Thanks – so what else should our readers know about your work and what you’re currently focused on?
I specialize in architecture and design. Within that, my aesthetic is soft, natural, and real. I’m not going for high contrast or flashy, my goal is to capture the feeling of the space rather than trying to document the space. What is ironic is the amount of work that must go into making it look as natural as walking into a space and snapping a photo. With my photos, the realism I offer is what sets me apart. What sets me apart as an individual is my flexibility. I understand the need to deliver a product that captures the true aesthetic of the design from the rich designs of historical structures to the mood of the modern. I am a natural collaborator, working with my clients to artistically capture the design that they created. My clients depend on me to convey the intent of their design on everything from a grand entry façade all the way to the little details and textures that give a space life.
I spend a lot of time with the designers, sometimes up to 12 hours getting the blueprint of the work that needs to be done. To work with people in that way you have to be able to make it fun so I pride myself on my relaxed yet productive approach. There’s a lot of trust that designers put in me to translate their art to another medium, and that is so cool.

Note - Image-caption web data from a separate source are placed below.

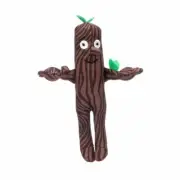 NEW PLUSH SOFT TOY STICK MAN 60733 14cm From book by Julia Donaldson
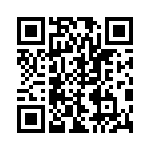 TUM10J1K0E QRCode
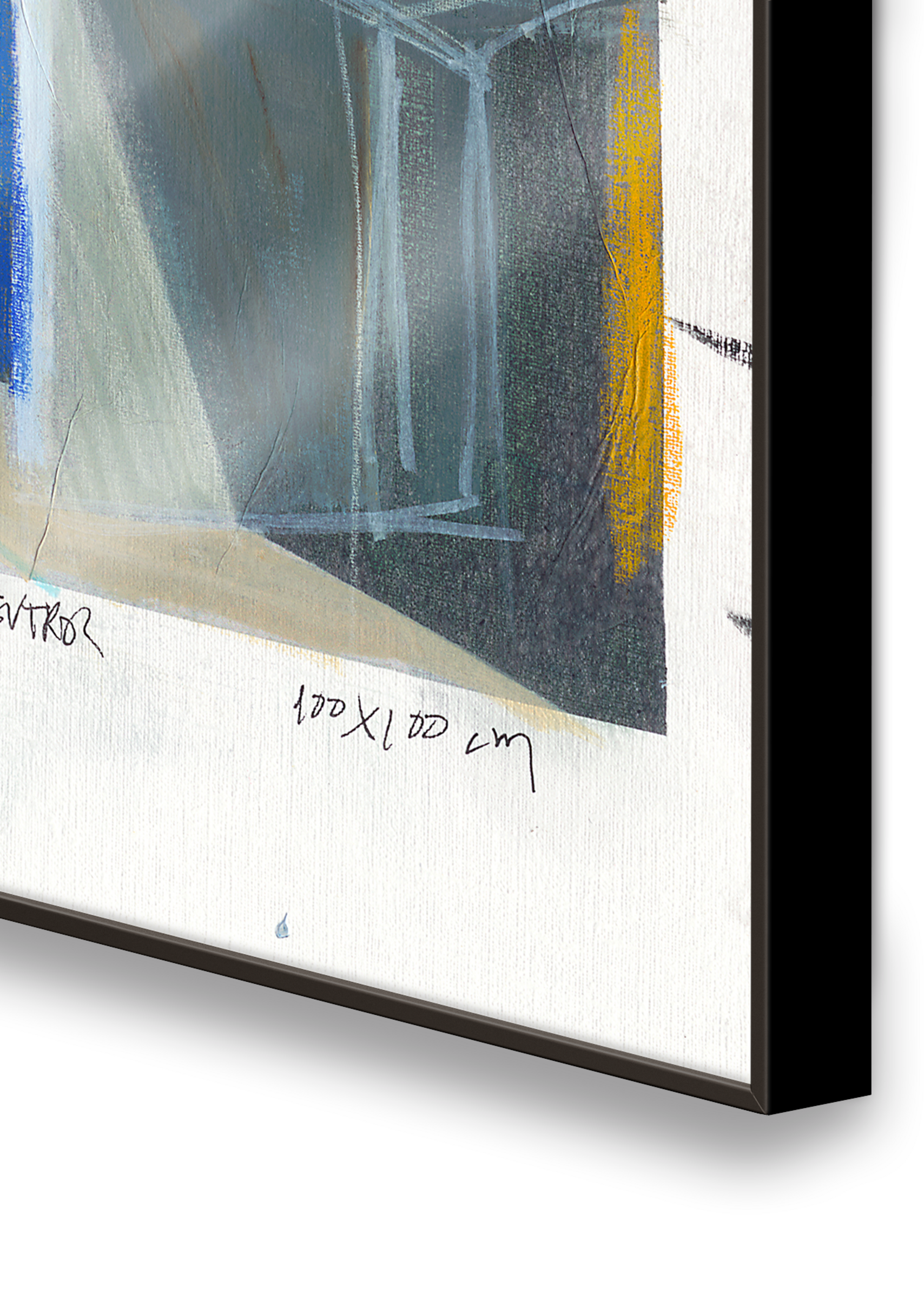 N-00308-Sarrias-Atelier-Miro-en-grises-frame-abm-x2400.png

What was your favorite childhood memory?
I was a class clown in school but I walked that line between acting up; very ornery but very likable. I somehow finessed being disruptive but respectful at the same time. Senior year, my teacher allowed me to sit on the floor instead of my desk in a bargain to get me to stop talking. I was always somewhere between annoying and charming. As a kid, I tended to deep dive into activities full force and marinate in them for about two years at a time, learn as much as I could, squeeze everything out of it and then I would exhaust it and move onto the next thing I wanted to become obsessed with. I have very fond memories of an art teacher in Jr High; every two weeks or so we would have a new art project in this class and I would get overly involved on some projects and virtually ignore the ones I wasn’t hyper-focused on. This teacher understood this and let me prorate my grade based off of 4 projects a year.

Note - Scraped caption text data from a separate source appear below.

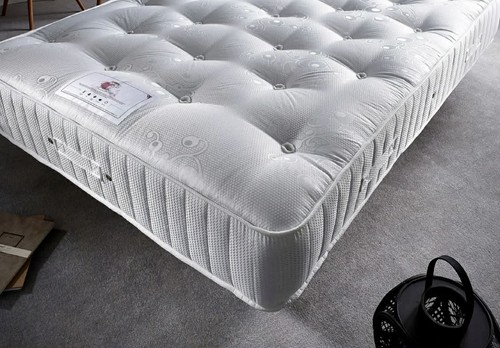 6ft super kingsize - kingsize, cambridge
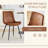 Round Dining Table Set-763963158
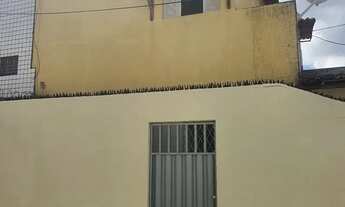 Imagem 1: Apartamento Apartamento com 2 dormitórios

Once I spent 4 months creating a 3ft papier-mache goblin. I don’t know now why I chose a goblin; I must have just thought it was cool. My teacher allowed me the space to fully absorb myself into these projects which set me up to be able to do the same in my adult creative life. In architectural photography, you don’t say, “good enough.” There must be excellence and that takes full absorption into the project you are working on. Thank you, Mrs. Preston!
Mom hated the goblin, so after living in my room for 6 months he got banished to the garage where she silently disposed of it sometime in the dark of night.